### Your assignment
Every line below between the one holding "Happy Friday! Hey, we" and the one holding "Teriyaki is a", inclusive, should be copied exactly, and no other line.

### Extracted entries

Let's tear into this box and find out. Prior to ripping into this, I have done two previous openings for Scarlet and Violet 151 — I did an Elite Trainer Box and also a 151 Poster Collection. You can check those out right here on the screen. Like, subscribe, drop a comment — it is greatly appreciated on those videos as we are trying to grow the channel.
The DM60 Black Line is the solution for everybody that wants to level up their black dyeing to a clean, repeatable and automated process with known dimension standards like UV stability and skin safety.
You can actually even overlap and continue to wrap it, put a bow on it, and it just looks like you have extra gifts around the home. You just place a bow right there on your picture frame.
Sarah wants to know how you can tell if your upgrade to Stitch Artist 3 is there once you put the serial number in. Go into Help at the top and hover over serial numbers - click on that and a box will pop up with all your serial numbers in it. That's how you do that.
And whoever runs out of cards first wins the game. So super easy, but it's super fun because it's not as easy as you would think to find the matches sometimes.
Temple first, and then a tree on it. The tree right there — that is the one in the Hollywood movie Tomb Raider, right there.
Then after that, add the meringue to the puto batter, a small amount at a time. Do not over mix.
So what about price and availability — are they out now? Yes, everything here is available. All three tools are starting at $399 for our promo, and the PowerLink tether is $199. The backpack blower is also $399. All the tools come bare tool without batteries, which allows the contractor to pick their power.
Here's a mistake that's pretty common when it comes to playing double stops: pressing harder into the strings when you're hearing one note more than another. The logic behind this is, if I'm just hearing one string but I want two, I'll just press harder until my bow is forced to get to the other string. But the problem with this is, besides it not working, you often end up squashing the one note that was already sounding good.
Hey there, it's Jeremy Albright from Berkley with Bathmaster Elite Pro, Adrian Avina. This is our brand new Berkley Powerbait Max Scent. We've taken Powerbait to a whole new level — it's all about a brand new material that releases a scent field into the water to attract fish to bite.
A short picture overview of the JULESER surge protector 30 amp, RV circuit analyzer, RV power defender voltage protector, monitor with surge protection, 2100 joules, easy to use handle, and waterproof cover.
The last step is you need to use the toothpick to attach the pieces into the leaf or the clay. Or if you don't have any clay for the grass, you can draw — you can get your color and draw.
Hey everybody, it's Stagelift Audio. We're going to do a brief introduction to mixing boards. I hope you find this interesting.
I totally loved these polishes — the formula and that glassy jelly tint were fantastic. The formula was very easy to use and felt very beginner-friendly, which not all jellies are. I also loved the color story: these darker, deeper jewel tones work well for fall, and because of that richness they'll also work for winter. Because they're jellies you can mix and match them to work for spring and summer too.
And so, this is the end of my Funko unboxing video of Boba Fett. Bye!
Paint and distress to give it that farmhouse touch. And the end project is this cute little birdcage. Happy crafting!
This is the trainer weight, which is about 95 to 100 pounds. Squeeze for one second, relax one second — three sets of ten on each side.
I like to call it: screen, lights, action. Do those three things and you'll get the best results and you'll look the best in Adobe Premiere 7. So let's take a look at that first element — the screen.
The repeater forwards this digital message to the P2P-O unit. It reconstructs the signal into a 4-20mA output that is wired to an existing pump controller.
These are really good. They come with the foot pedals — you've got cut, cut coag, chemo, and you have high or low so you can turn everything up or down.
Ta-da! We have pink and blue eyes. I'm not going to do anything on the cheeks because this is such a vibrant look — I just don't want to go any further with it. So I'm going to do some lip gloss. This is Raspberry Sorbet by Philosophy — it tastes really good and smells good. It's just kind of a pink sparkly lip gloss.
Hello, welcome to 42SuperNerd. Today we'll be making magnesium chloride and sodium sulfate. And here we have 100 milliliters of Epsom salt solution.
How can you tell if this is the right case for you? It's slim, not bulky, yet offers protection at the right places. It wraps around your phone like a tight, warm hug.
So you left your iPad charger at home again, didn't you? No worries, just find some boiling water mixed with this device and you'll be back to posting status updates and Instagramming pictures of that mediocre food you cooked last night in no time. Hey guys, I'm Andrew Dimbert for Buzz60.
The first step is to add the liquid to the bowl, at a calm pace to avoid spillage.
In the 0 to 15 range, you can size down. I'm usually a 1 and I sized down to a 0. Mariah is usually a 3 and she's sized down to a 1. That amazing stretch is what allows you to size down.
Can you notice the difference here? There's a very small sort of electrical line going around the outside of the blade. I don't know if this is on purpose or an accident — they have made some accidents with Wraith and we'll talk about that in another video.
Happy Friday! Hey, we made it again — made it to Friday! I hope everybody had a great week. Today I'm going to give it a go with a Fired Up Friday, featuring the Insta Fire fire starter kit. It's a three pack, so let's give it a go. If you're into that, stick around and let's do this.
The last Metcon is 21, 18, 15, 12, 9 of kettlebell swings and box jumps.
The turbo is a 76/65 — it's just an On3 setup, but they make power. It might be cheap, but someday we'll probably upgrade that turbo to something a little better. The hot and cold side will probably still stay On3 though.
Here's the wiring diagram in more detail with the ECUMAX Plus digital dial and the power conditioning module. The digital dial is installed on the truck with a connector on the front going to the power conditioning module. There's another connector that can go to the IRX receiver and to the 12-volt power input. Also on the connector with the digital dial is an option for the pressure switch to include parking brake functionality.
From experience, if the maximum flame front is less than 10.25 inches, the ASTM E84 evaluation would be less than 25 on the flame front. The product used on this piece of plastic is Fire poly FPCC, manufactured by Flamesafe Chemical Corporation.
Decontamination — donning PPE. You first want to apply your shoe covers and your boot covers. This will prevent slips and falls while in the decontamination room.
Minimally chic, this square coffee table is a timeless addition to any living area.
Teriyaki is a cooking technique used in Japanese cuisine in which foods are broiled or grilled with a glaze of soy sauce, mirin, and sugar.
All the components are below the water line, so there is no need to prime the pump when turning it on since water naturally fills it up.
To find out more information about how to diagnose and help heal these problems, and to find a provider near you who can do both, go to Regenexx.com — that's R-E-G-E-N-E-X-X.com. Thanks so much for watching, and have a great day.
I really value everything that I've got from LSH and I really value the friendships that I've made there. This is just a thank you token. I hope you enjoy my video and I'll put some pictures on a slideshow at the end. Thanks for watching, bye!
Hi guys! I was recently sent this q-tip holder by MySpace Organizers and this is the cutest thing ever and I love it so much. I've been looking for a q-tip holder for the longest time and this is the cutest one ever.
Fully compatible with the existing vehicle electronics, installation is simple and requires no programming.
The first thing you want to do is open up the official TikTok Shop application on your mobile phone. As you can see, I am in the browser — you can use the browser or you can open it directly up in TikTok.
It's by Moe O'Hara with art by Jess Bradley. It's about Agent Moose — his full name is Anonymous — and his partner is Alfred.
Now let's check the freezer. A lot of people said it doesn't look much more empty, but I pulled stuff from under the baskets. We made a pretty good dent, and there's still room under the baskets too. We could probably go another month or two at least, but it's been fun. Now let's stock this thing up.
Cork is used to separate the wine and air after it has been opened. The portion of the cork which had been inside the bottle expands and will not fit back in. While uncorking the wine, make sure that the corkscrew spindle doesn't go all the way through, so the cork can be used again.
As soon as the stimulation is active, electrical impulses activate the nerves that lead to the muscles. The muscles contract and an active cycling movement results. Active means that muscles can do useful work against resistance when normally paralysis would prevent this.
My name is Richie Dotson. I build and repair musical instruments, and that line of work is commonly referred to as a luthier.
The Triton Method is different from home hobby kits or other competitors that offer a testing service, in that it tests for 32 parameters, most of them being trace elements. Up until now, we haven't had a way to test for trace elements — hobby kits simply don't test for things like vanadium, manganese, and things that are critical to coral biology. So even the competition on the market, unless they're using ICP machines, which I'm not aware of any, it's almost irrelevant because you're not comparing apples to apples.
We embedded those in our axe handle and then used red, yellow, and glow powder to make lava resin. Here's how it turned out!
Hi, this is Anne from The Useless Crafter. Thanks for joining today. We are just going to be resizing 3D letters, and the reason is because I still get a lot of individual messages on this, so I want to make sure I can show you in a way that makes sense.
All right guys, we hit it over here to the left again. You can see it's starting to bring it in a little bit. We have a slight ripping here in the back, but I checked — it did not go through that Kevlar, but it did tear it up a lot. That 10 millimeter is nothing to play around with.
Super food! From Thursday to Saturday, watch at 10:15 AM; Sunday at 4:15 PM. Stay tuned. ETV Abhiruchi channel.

### Result below
Happy Friday! Hey, we made it again — made it to Friday! I hope everybody had a great week. Today I'm going to give it a go with a Fired Up Friday, featuring the Insta Fire fire starter kit. It's a three pack, so let's give it a go. If you're into that, stick around and let's do this.
The last Metcon is 21, 18, 15, 12, 9 of kettlebell swings and box jumps.
The turbo is a 76/65 — it's just an On3 setup, but they make power. It might be cheap, but someday we'll probably upgrade that turbo to something a little better. The hot and cold side will probably still stay On3 though.
Here's the wiring diagram in more detail with the ECUMAX Plus digital dial and the power conditioning module. The digital dial is installed on the truck with a connector on the front going to the power conditioning module. There's another connector that can go to the IRX receiver and to the 12-volt power input. Also on the connector with the digital dial is an option for the pressure switch to include parking brake functionality.
From experience, if the maximum flame front is less than 10.25 inches, the ASTM E84 evaluation would be less than 25 on the flame front. The product used on this piece of plastic is Fire poly FPCC, manufactured by Flamesafe Chemical Corporation.
Decontamination — donning PPE. You first want to apply your shoe covers and your boot covers. This will prevent slips and falls while in the decontamination room.
Minimally chic, this square coffee table is a timeless addition to any living area.
Teriyaki is a cooking technique used in Japanese cuisine in which foods are broiled or grilled with a glaze of soy sauce, mirin, and sugar.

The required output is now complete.